Work instructions »
Copy only those lines which run from the line containing "Męski t-shirt z" to the end of the entries below, both inclusive, exactly as written and with no pictures.
<<<<
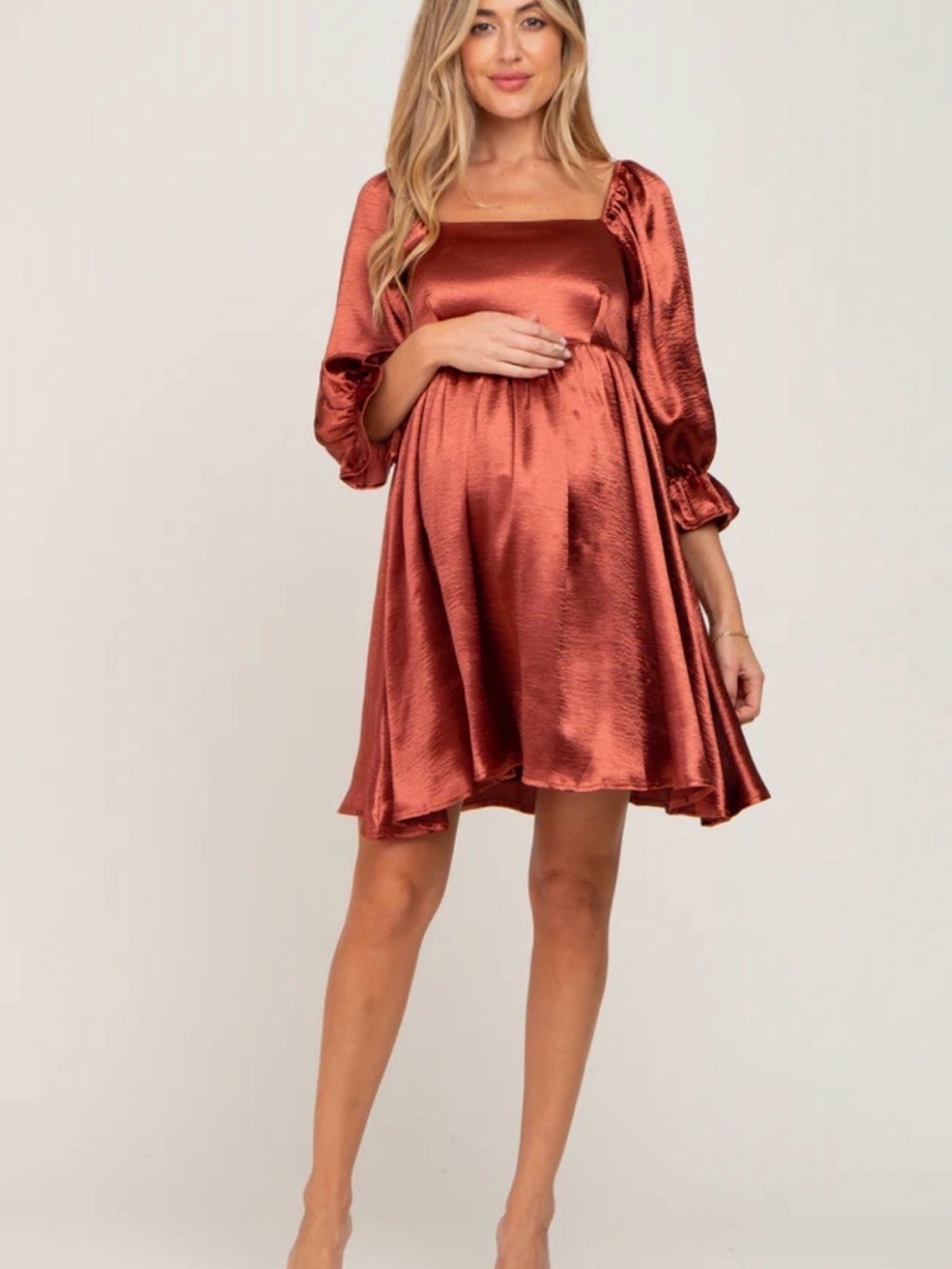 Pinkblush Maternity Pregnancy dress Fall Baby Shower satin size Small stretchy - Picture 3 of 14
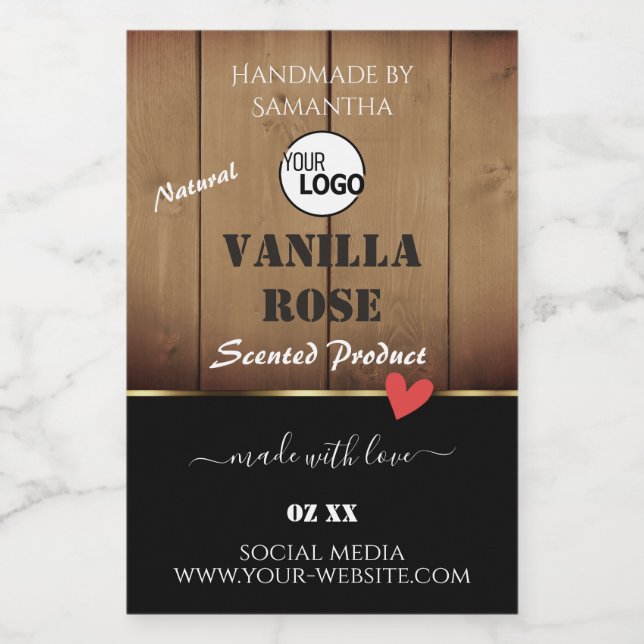 Brown Wood Grain Product Packaging Labels Logo (Single Label)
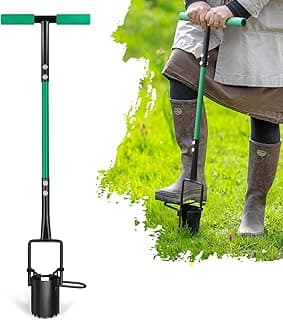 5-in-1 Lawn Plug Garden Tool, Updated Bulb Planter Long Handle for Digging, Weeding, Soil Sampler, Transplanting, Sod Plugger with for Digging Holes to Plant Tulips, Iris, Daffodils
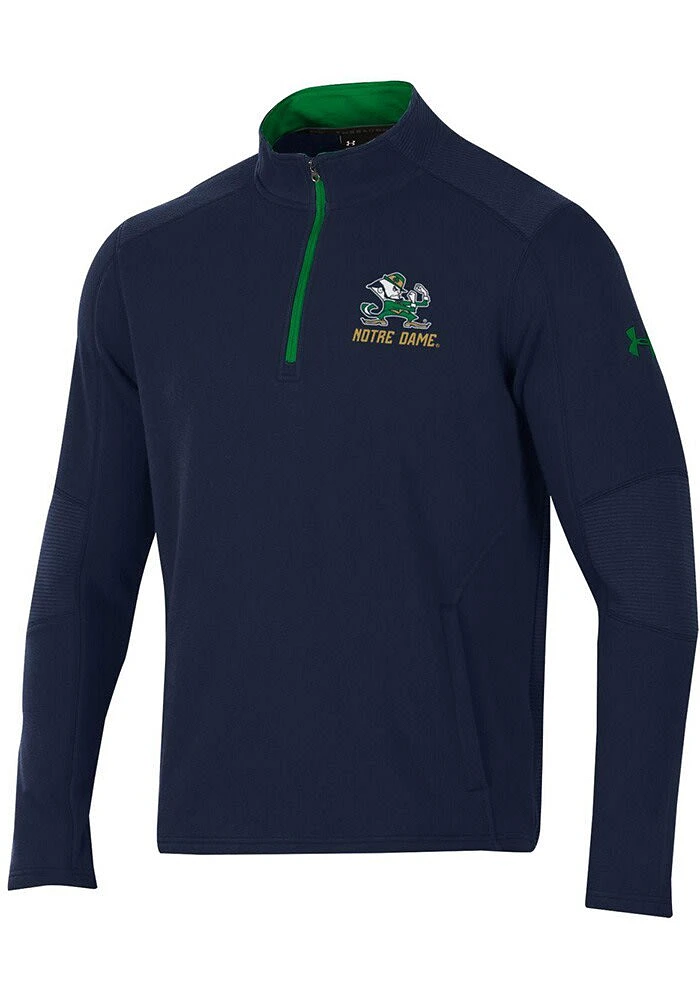 Under Armour Notre Dame Fighting Irish Mens Navy Blue Ridge Long Sleeve Qtr Zip Pullover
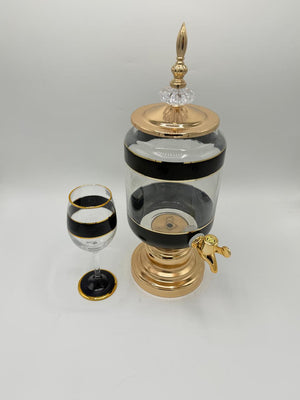 Banded Glass Juice Dispenser & Goblet Set (6 Pcs)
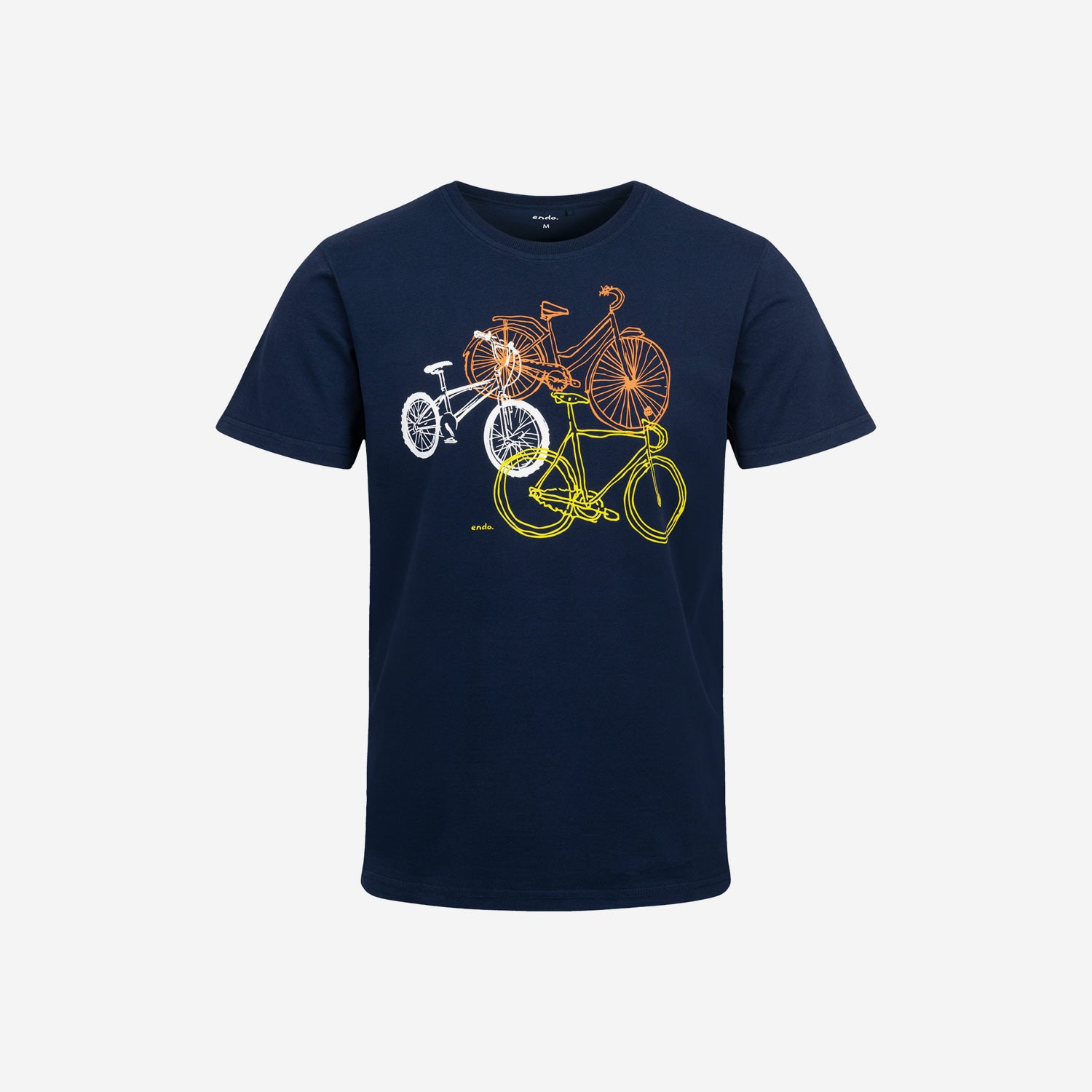 Męski t-shirt z krótkim rękawem, z rowerami, granatowy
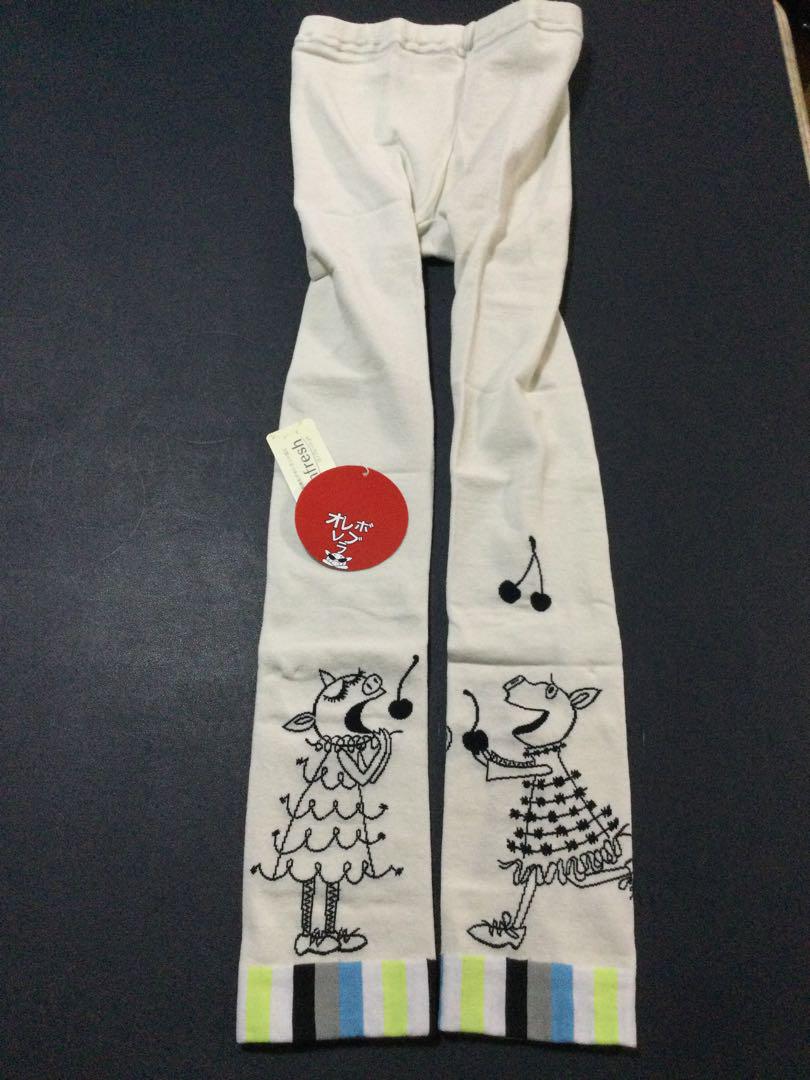 アルベロベロ　Lanifresh キャラクター刺繍タイツ ホワイト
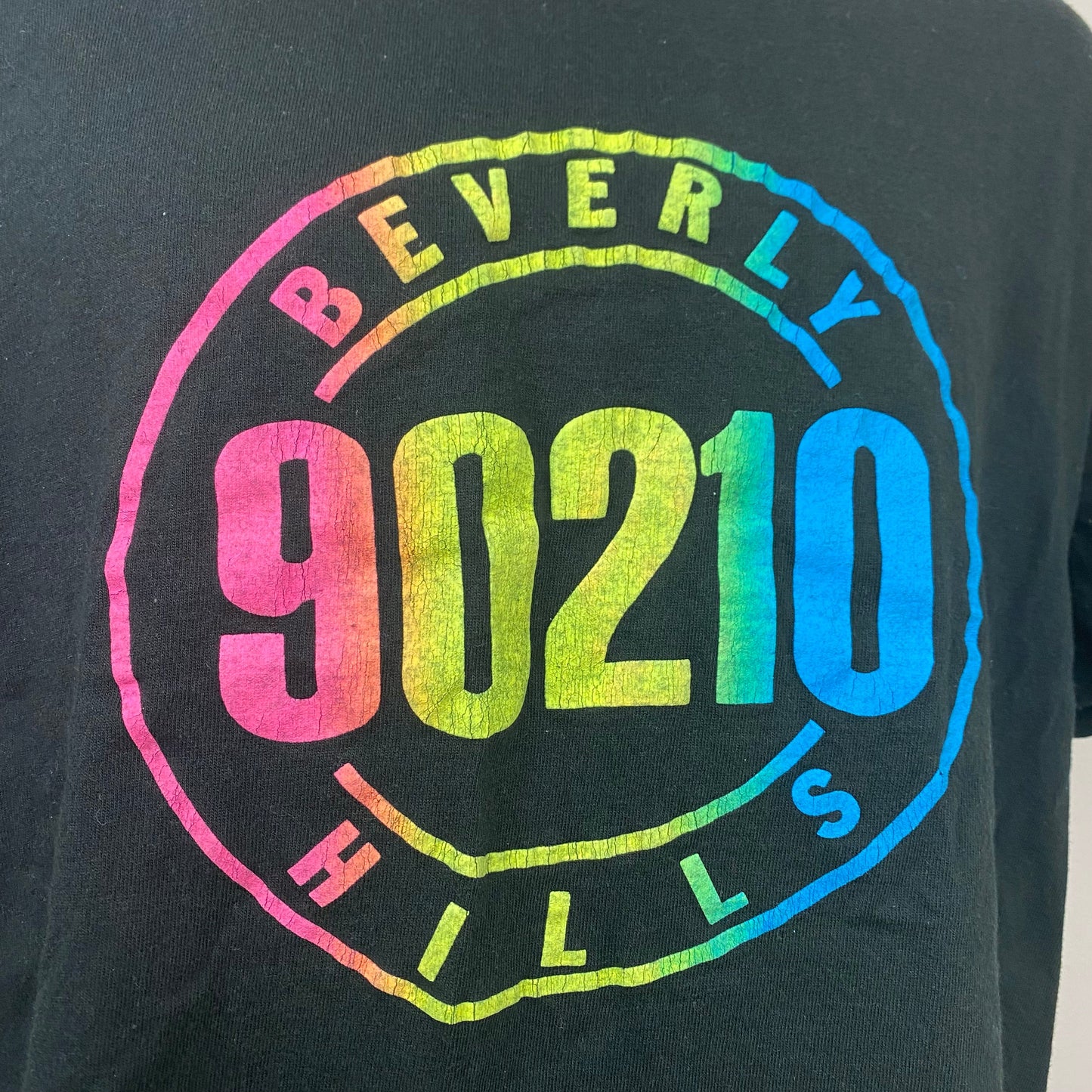 1990s Beverly Hills 90210 T-Shirt, Size L/XL, Rainbow Print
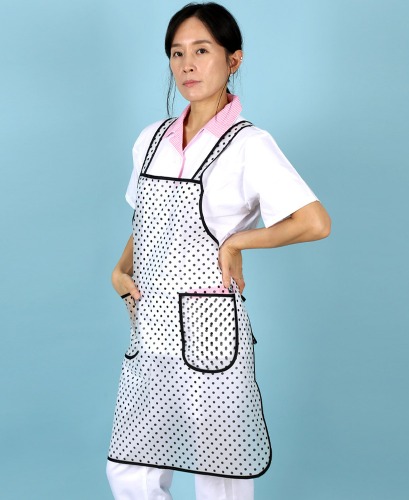 유폼 우레탄 도트 패턴 방수 파이핑 앞치마(소) 화이트(투명) 제작은 티팜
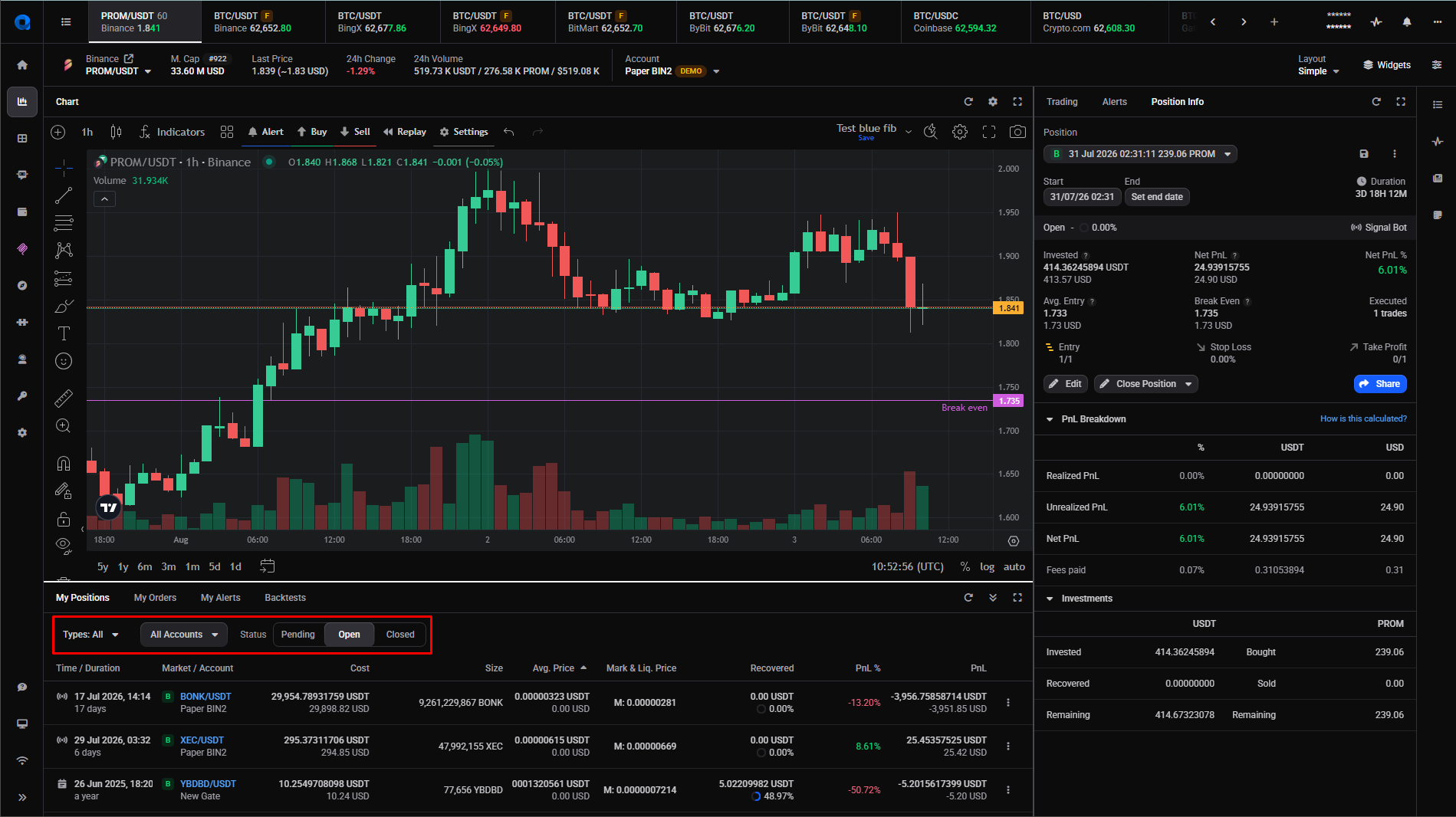 The My Positions tab in the bottom drawer, with the status filter set to Open, listing open positions across markets.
>>>>
Exercise response »
 Męski t-shirt z krótkim rękawem, z rowerami, granatowy
 アルベロベロ　Lanifresh キャラクター刺繍タイツ ホワイト
 1990s Beverly Hills 90210 T-Shirt, Size L/XL, Rainbow Print
 유폼 우레탄 도트 패턴 방수 파이핑 앞치마(소) 화이트(투명) 제작은 티팜
 The My Positions tab in the bottom drawer, with the status filter set to Open, listing open positions across markets.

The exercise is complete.